Sharing resources: A conversation with UN Women
I recently had an opportunity to talk with Dina Deligiorgis, the Knowledge Management Specialist on ending violence against women at UN Women. I am completely in awe of the work that UN Women does to address gender inequality and violence against women and girls around the world. We talked about the shifts that governments are making towards protecting women and girls, through formal commitments, increased funding for programs and services geared towards establishing and maintaining women’s safety and empowerment, and policy and legislation that aligns with recommended international guidelines from the United Nations. Dina noted that in 2005, there were 89 countries who had legislation on domestic violence in place. That number has grown to over 125 countries in 2012. Policy and legislation, although an important step, are often insufficient to create measurable change. These need to be accompanied by budget allocations, protocols and guidelines for various sectors, training for staff and many other tangible changes to better deliver services to survivors and prevent violence altogether.

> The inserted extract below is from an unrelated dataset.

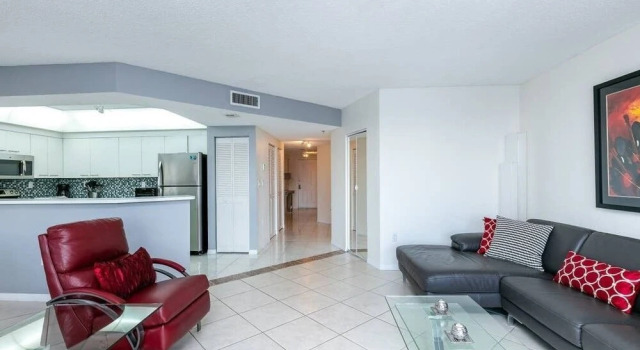 Les Pélican 410 - Condo 4 People, Sunny Isles, Varaa Hotelli Hotellit Miami Beach uima-altaalla, Uima-allas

Programs that are being implemented lack rigorous evaluation. I know that the violence against women field in the United States can relate to the need for increased evaluation and the challenges in carrying out these evaluations. An area that UN Women is working to advance is primary prevention, initiatives to stop abuse before they occur, though this is still a very emergent area for many countries. Often times, intervention efforts are still gaining traction and the service provision has been done by non-profits and women’s groups who are often underfunded and marginalized by formal governmental process. Their inability to be formally connected to government structures precludes them from obtaining resources to disseminate information, guide policy efforts, or conduct rigorous evaluations to show that their work is indeed making a difference in the lives of women and girls.

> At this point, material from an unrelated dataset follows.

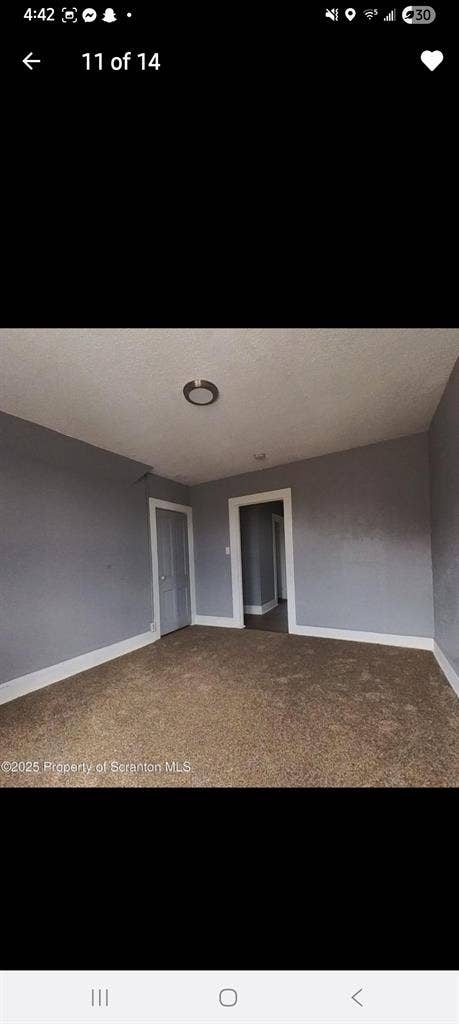 ROOM FOR RENT 378 +ur part of BILLS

So where does UN Women fit in? In addition to the support provided to governments at global and country levels, UN Women is a knowledge broker on violence against women and girls bringing together the evidence base at whatever levels it exists. It pulls baseline information, literature, existing tools, manuals, and additional resources together into one central location that practitioners around the world can access to help them at whatever step they are at in working to address violence against women and girls. Dina stated that the project began by mapping the entire field – the literature that exists, the tools that have been developed and the organizations and experts devoted to this work around the world in order to begin documenting it in a more systematic way.

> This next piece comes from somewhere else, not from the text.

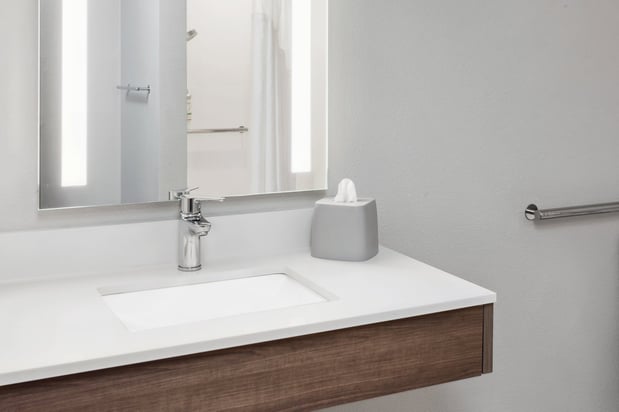 Images Holiday Inn Express Cleveland Airport - Brook Park by IHG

UN Women works with organizations and local experts from around the world to develop program modules, identify promising practices, and provisions that have had positive results with regards to focused subtopics such as health interventions or working with men and boys. UN Women pulls together examples from an array of countries providing regional examples with cultural context.
The initiative also runs a Help Desk for technical or resource questions and hosts webinars to encourage knowledge sharing and exchange. On the Virtual Knowledge Centre to End Violence against Women and Girls, tools are available in over 60 languages and comprehensive program modules (anywhere from 300 to 1,000 pages long!) are fully translated into Spanish and French.
Check out this amazing resource and make sure to forward it throughout your networks. Thank you Dina!